We specify the instrumentation of OpenMP directives in terms of directive transformations because, first, this allows a description independent of the base programming language, and second, the specification is tied directly to the programming model the application programmer understands. Our transformation rules insert calls to pomp_NAME_TYPE(d) in a manner appropriate for each OpenMP directive, where NAME is replaced by the name of the directive, TYPE is either fork, join, enter, exit, begin, or end, and d is a context descriptor (described in Section 3.5). fork and join mark the location where the execution model switches from sequential to parallel and vice versa, enter and exit flag the entering and exiting of OpenMP constructs and finally, begin and end mark the start and end of structured blocks used as bodies for the OpenMP directives. Table 1 gives an overview about our proposed transformations and performance library routines. To improve readability, optional clauses to the directives, as allowed by the OpenMP standards, are not shown.
In order to be able to measure the synchronization time at the implicit barrier at the end of DO, SECTIONS, WORKSHARE, or SINGLE directives, we use the following method: If, as shown in the table, the original corresponding END directive does not include a NOWAIT clause, NOWAIT is added and the implicit barrier is made explicit. Of course, if there is a NOWAIT clause in the original END directive, then this step is not necessary. To distinguish these barriers from (user-specified) explicit barriers, in this case the pomp_barrier_###() functions are passed the context descriptor of the enclosing construct (instead of the descriptor of the explicit barrier).
Unfortunately, this method cannot be used for measuring the barrier waiting time at the end of parallel directives because they do not have a NOWAIT clause. Therefore, we add an explicit barrier with corresponding performance interface calls here. For source-to-source translation tools implementing the proposed transformations, this means that actually two barriers get called. But the second (implicit) barrier should execute and succeed immediately because the threads of the OpenMP team are already synchronized by the first barrier. Of course, a OpenMP compiler can insert the performance interface calls directly around the implicit barrier, thereby avoiding this overhead.
Transformation rules for the combined parallel work-sharing constructs (PARALLEL DO, PARALLEL SECTIONS, and PARALLEL WORKSHARE) can be defined in the same manner.
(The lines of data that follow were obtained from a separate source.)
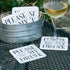 Party Paperboard Coasters, 4-Inch, My Drink, 25-Count
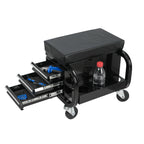Rolling Creeper Garage/Shop Seat with Three Built-in Drawers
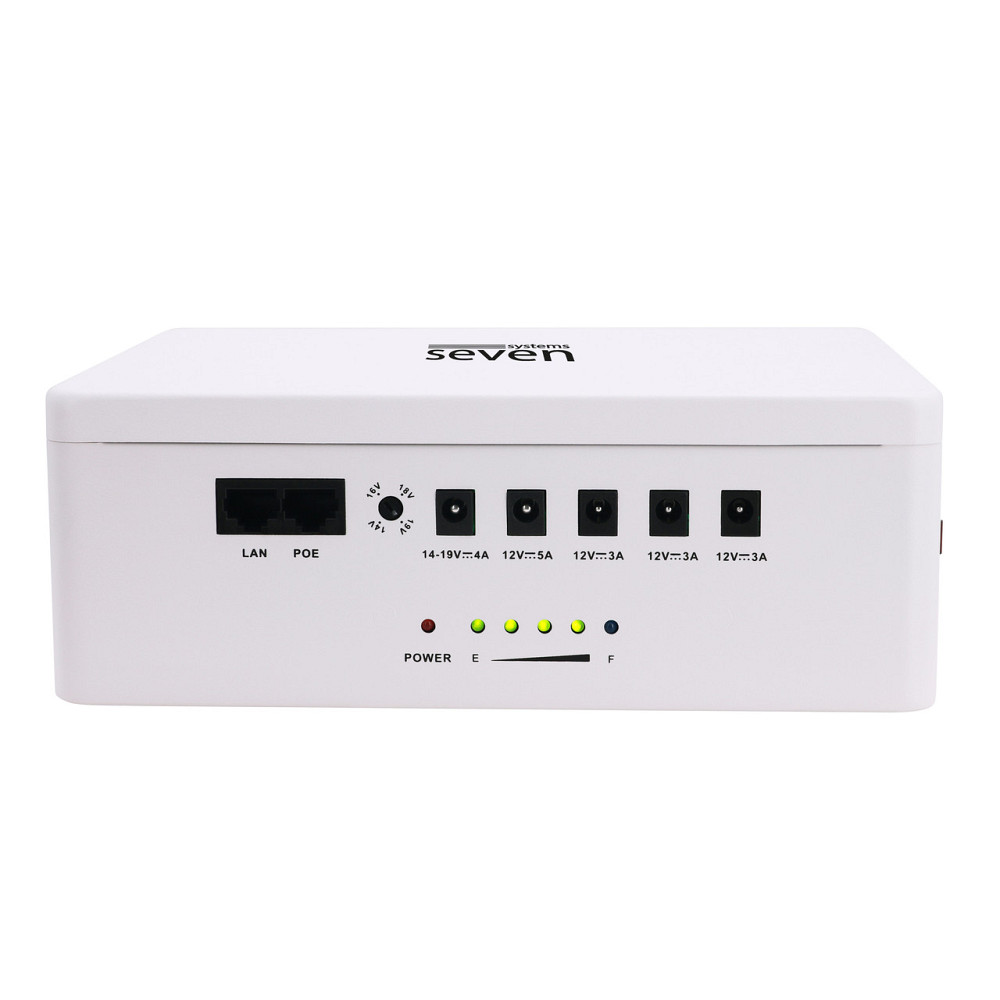 ДБЖ SEVEN UPS-7960 white 60W LiFePO4 з регулюванням вихідної напруги Київ - фото 1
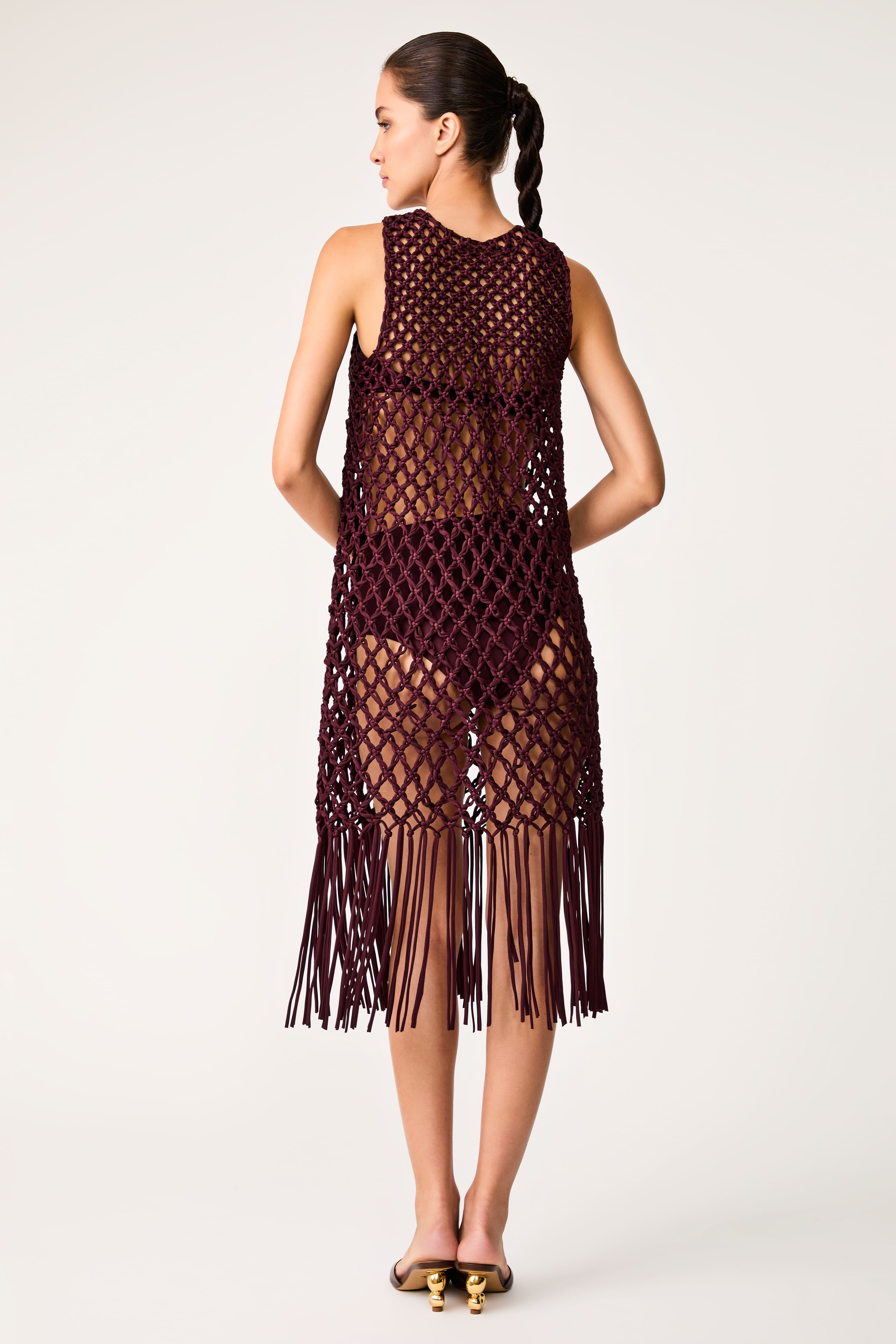 Vestido Midi Macramê La Nasse Bourgogne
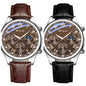 MOONBIFFY Leather Quartz Watch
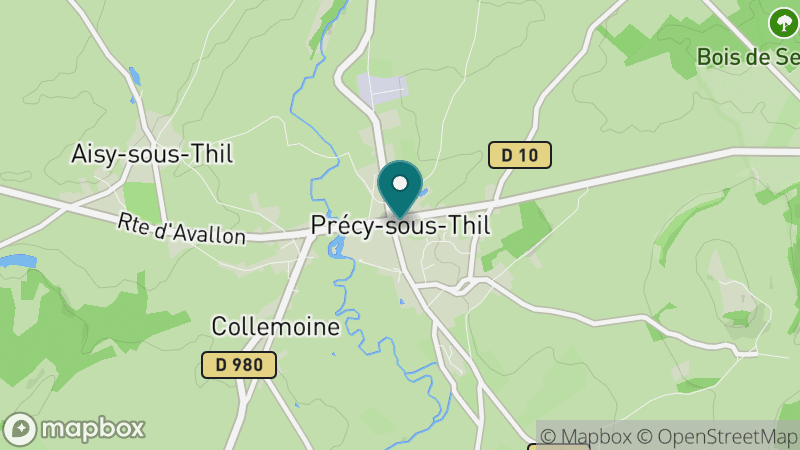 Carte - Précy-sous-Thil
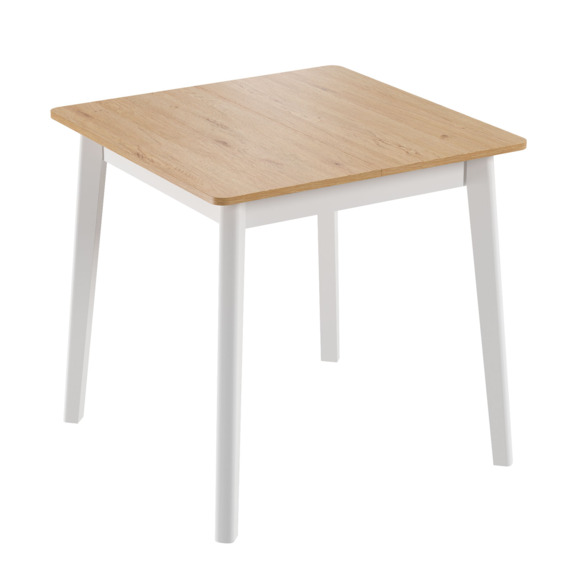 Стол Тион-88, дуб натуральный, белый - фото 1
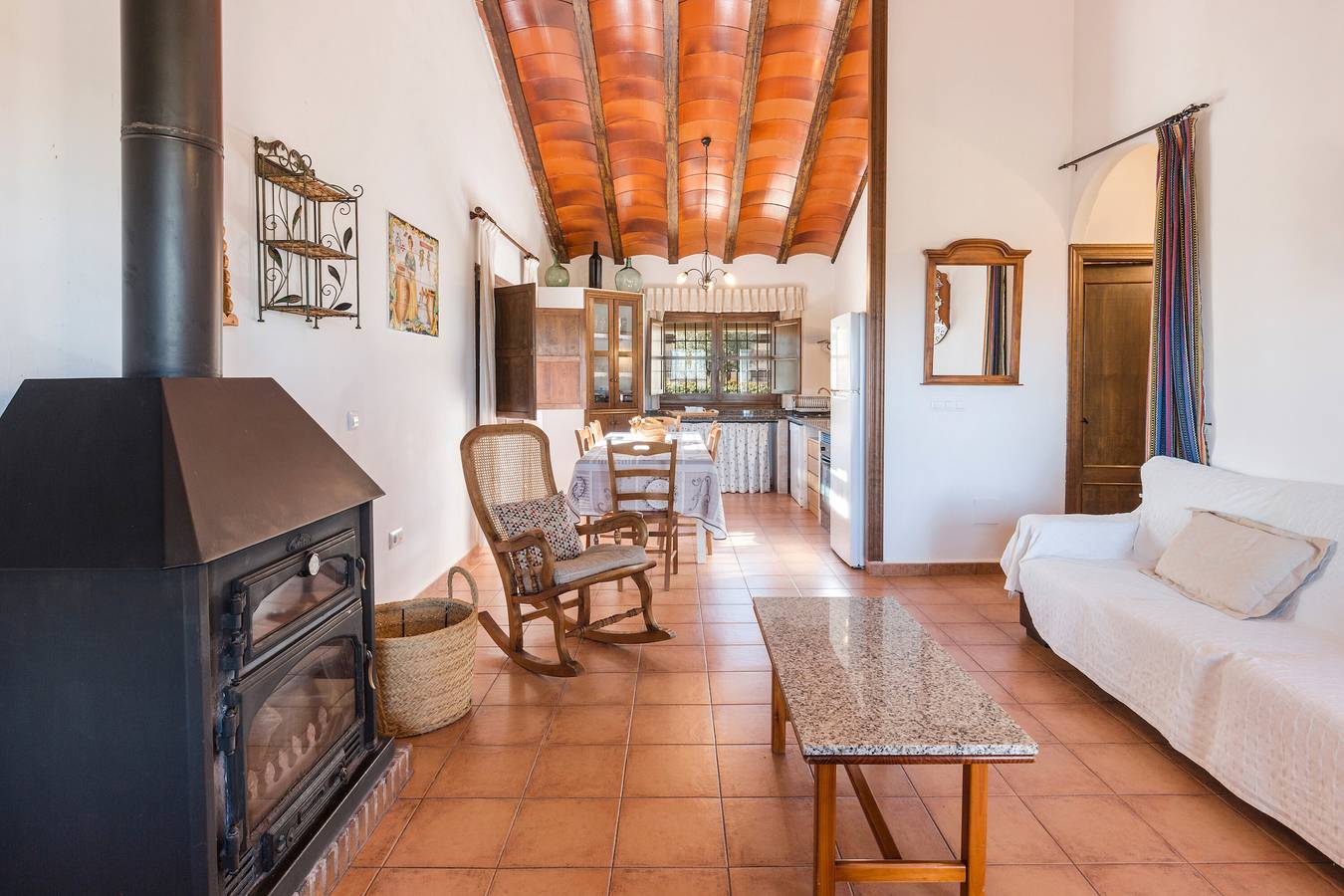 Country House 'La Tinaja' with Mountain View, Wi-Fi and Air Conditioning in Fuente Alamo de Murcia, Costa Cálida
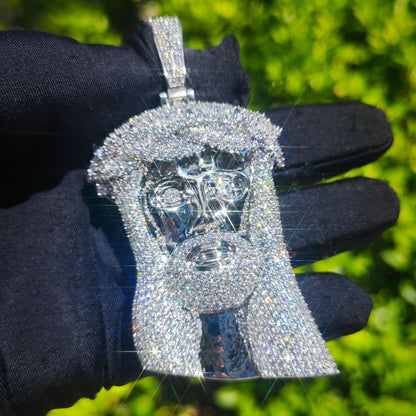 Iced Out Jesus Pendant Necklace for Men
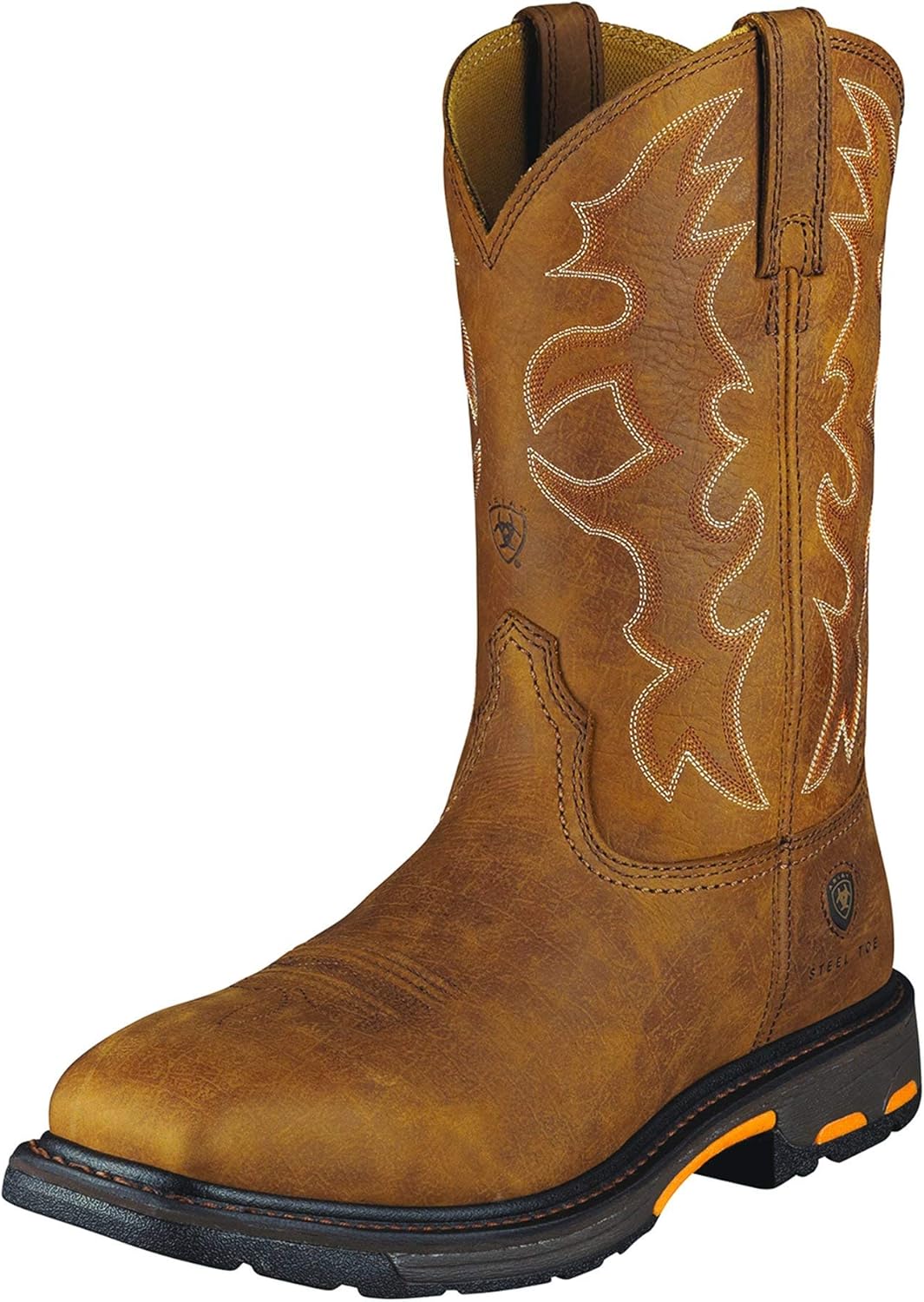 Мужские рабочие ботинки Ariat Workhog с квадратным носком и стальным подноском — фото 2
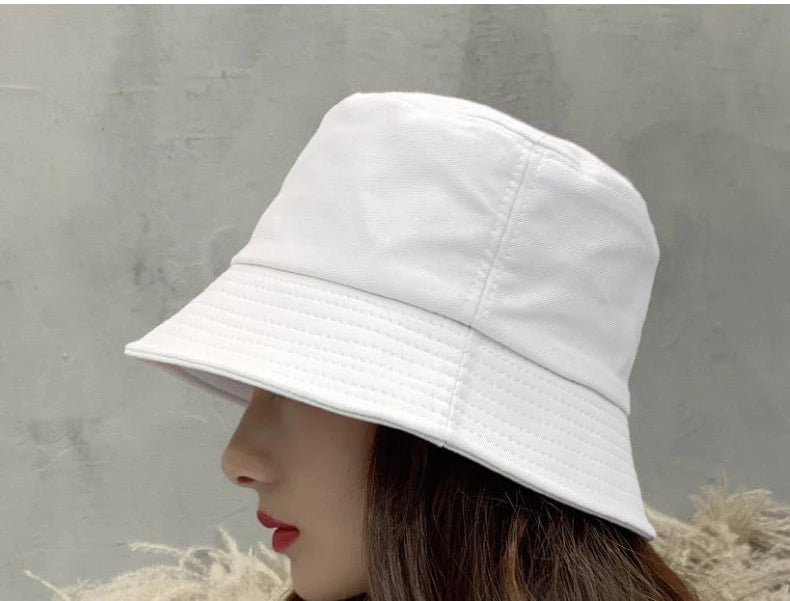 Fashion Bucket Hats Solid Panama Sunscreen Fisherman Cap Outdoor Beach Sun Cap Hat For Women Men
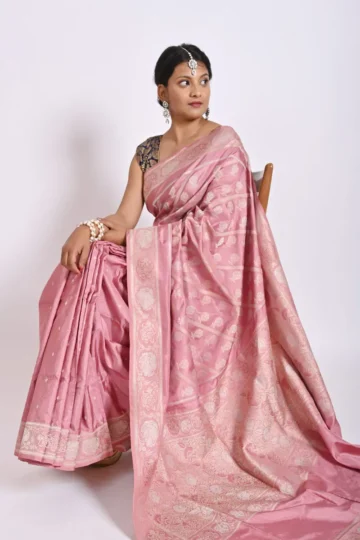 Handwoven Pure Katan Silk Saree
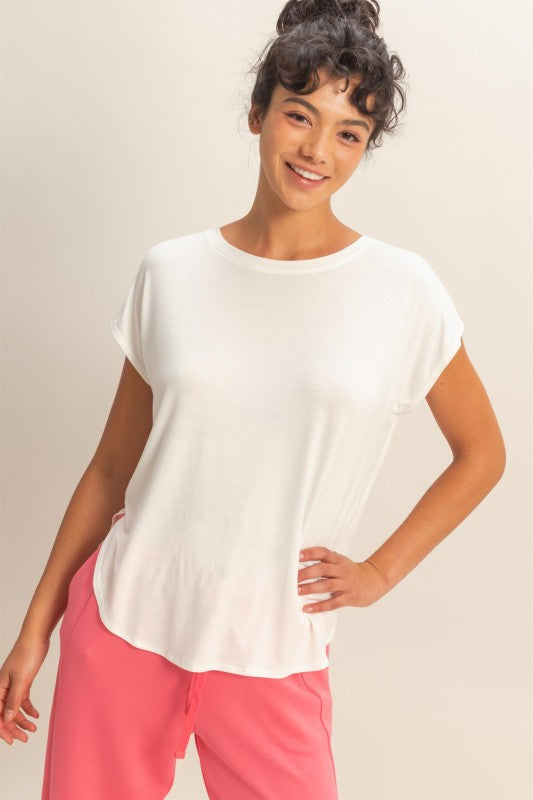 The Classic Chic Dolman Top Off White or Pink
They are basically the combination of transformations for the corresponding single OpenMP constructs. The only difference is that clauses specified for the combined construct have to be distributed to the single OpenMP constructs in such a way that it complies with the OpenMP standard (e.g., SCHEDULE, ORDERED, and LASTPRIVATE clauses have to be specified with the inner DO directive). Table 2 shows the proposed transformation for the OpenMP combined parallel work-sharing constructs.